The appellant pleaded facts which support his claim that the land in dispute is his own and that it is situate outside the Effanga Offiong Family land. Those facts are pleaded’ under paragraphs 5 – 12 of the amended statement of claim. I have chosen to reproduce the aforesaid paragraphs herein below:

“5. By Efut Customary Law, such part of Efut communal land that may be allotted to an indigenous Efut man or woman becomes upon allotment his or her private property which he or she can dispose of at will.

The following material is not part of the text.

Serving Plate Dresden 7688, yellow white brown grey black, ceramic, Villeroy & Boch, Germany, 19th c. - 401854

  1. The late Madam Affiong Edet Abasi Mbo Orok, the aforesaid maternal grandmother of the plaintiff was in the 1930’s allotted by the then Efut Abua Council land in Efut Abua which includes the land in dispute in this suit; she was also allotted land in Akpabuyo by the said Efut Abua Council.
  2. The late Madam Affiong Edet Abasi Mbo Orok had two daughters who survived her, namely, Mary Etim Ata and Obo Etim Ata, plaintiff’s mother. Madam Affiong Edet Abasi Mbo Orok gave them her Akpabuyo land inter vivos and according to Efut customary law. The land, of which the land in dispute in this suit is a part, was in accordance with Efut customary law given by the late Madam Affiong Edet Abasi Mbo Orok to the plaintiff inter vivos in or about 1975. Madam Affiong Edet Abasi Mbo Orok died in 1977.
  3. After the gift of the land to the plaintiff the plaintiff cultivated a cassava farm on it; and after the death of Madam Affiong Edet Abasi Mbo Orok the plaintiff erected a shed with scantling and corrugated iron roofing on the land in which he was moulding and stacking cement blocks.

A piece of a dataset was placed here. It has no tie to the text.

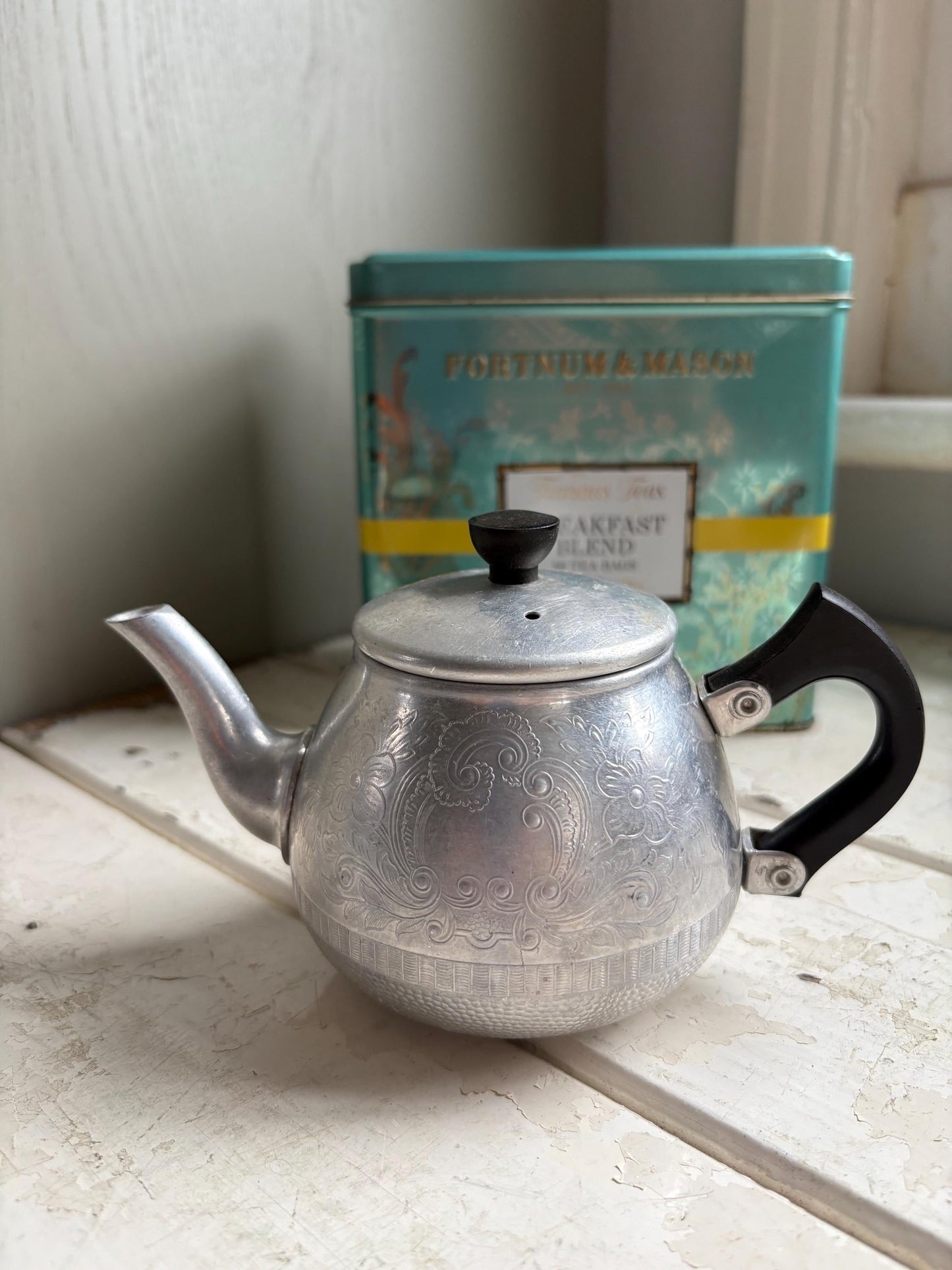 Vintage Swan Two Cup Teapot.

9(a) The entire land gifted to the plaintiff as aforesaid is shown, delineated and verged BROWN in the Plan No. ESA/10323(LD) filed with original Statement of Claim and made and signed by E. S. Akpan, Esquire, Licensed Surveyor of Uyo on 29th March, 1983, upon which the plaintiff still relies.

(b) The said land is bounded generally and for all practical purposes as follows:

on or towards the North by landed property of Dr. E. E. Eyo, being a portion of Efut land granted by the Efuts to the said doctor;

on or towards the East by the boundary of Abasi Obori land within which land is a little portion of Ebito Street at its junction with Mayne Avenue;

on or towards the South by Mayne Avenue aforesaid and the landed property of Okon E. Okon, being a portion of Efut land granted by the Efuts to the said Okon and which also abuts on Mayne Avenue; and

on or towards the West by an extension of Adam Duke Street.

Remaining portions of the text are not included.